Am I Fawning or Just Nice?

Am I Fawning or Just Nice?

Am I Fawning or Just Nice?

By Tara Rullo, LCSW

The fawn response is a term used in the context of responses to trauma, particularly in the model known as the “four Fs” – fight, flight, freeze, and fawn. These responses describe different ways individuals react when faced with a threat. The fawn response specifically refers to a person’s tendency to seek safety and avoid conflict by complying with the wishes and demands of others. It involves an extreme focus on pleasing others and maintaining harmony, even at the expense of one’s own needs, boundaries, and well-being.

The fawn response, like the fight, flight, and freeze responses, is a survival strategy developed in response to trauma or adverse experiences. While it can help in the short term by avoiding confrontations, in the long run, it can lead to issues like poor self-esteem, boundary violations, and difficulties asserting one’s own needs and desires.

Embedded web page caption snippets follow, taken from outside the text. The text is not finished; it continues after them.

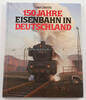 Bundesrepublik Deutschland Ulrich Schefold / 150 Jahre Eisenbahn in Deutschland -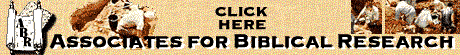 Associates for Biblical Research HOME page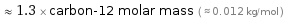  ≈ 1.3 × carbon-12 molar mass ( ≈ 0.012 kg/mol )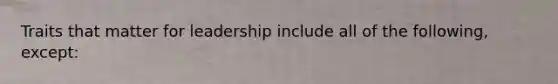 Traits that matter for leadership include all of the following, except: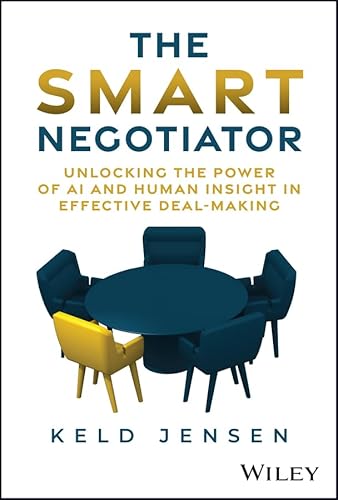 The Smart Negotiator: Unlocking the Power of AI and Human Insight in Effective Deal-Making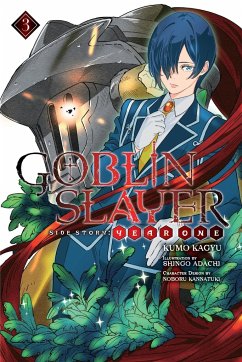 Goblin Slayer Side Story: Year One, Vol. 3 (Light Novel) - Kagyu, Kumo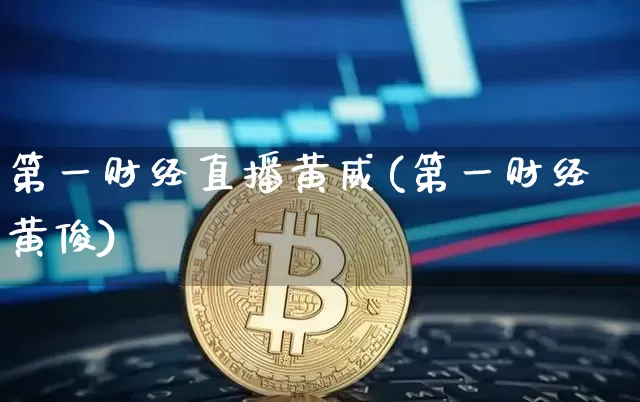 第一财经直播黄威(第一财经黄俊)_https://www.dcjwmf.com_上期所_第1张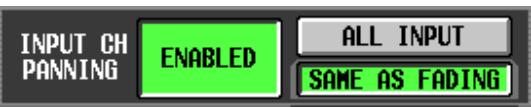 YAMAHA PM5D-RH - If you want to enable the Fade function not only for faders but also for the PAN (BALANCE) parameters of input channels, set the INPUT CH PANNING ENABLED/DISABLED button (located in the upper middle of the screen) to ENABLED. - 1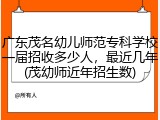 广东茂名幼儿师范专科学校一届招收多少人，最近几年(茂幼师近年招生数)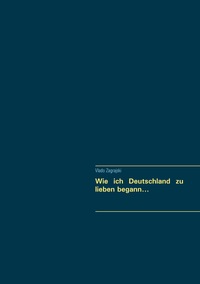 Vorderes Coverbild Wie ich Deutschland zu lieben begann...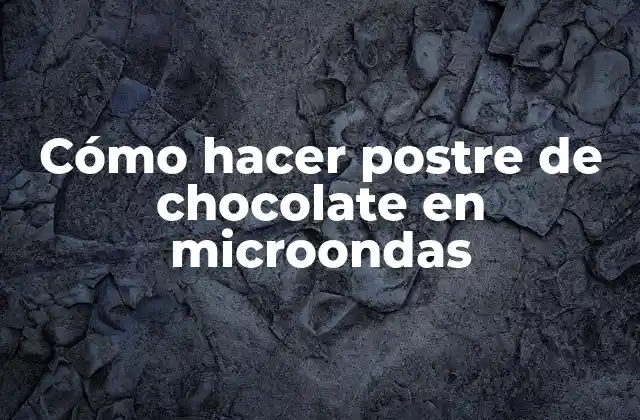Cómo hacer postre de chocolate en microondas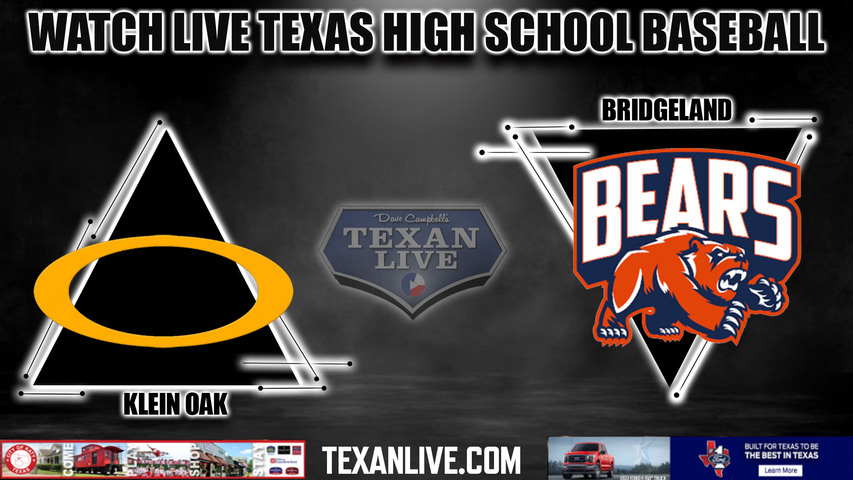 Klein Oak vs Bridgeland - 12pm- 5/18/2024 - Baseball - Live from Klein Oak High School - Game Two Playoff - Regional Quarter Finals - Playoffs
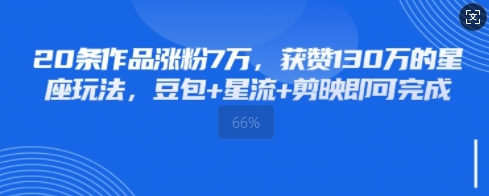 20条作品涨粉7W，获赞130W的星座玩法，豆包+星流+剪映即可完成-赚钱网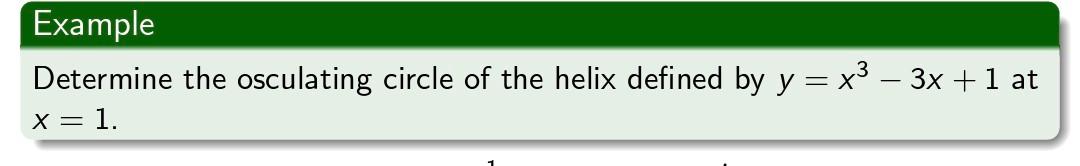 Example Determine The Osculating Circle Of The Helix Defined By Y X 3x 1 At X 1 1
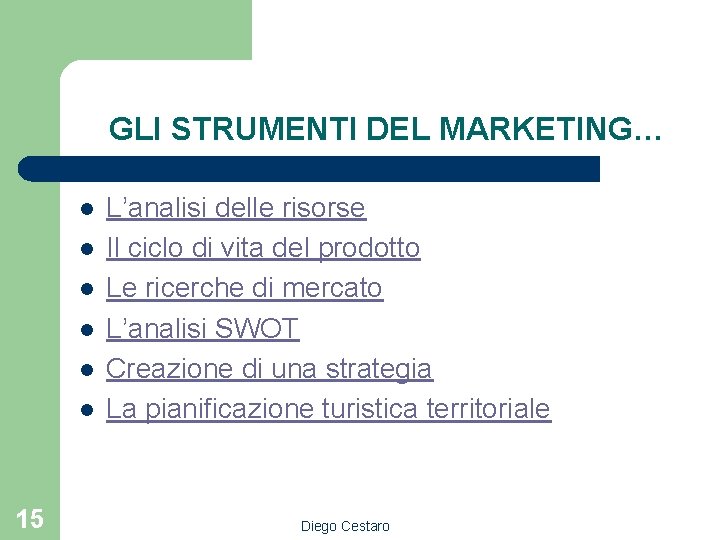 GLI STRUMENTI DEL MARKETING… l l l 15 L’analisi delle risorse Il ciclo di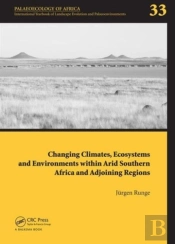 Changing Climates, Ecosystems And Environments Within Arid Southern Africa And Adjoining Regions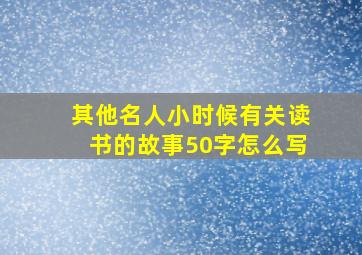 其他名人小时候有关读书的故事50字怎么写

Is it fawning or just being nice?

Distinguishing between being a genuinely kind and considerate person and engaging in a fawning response due to trauma can be complex. Here are some factors to consider that might help you differentiate between the two:

Intent vs. Compulsion: A genuinely nice person acts kindly out of empathy, compassion, and a genuine desire to help others. Fawning, on the other hand, often feels compulsive and can stem from a fear of conflict, rejection, or abandonment. If you find yourself helping others even when it’s detrimental to your well-being and you feel unable to set boundaries, it might be a trauma response.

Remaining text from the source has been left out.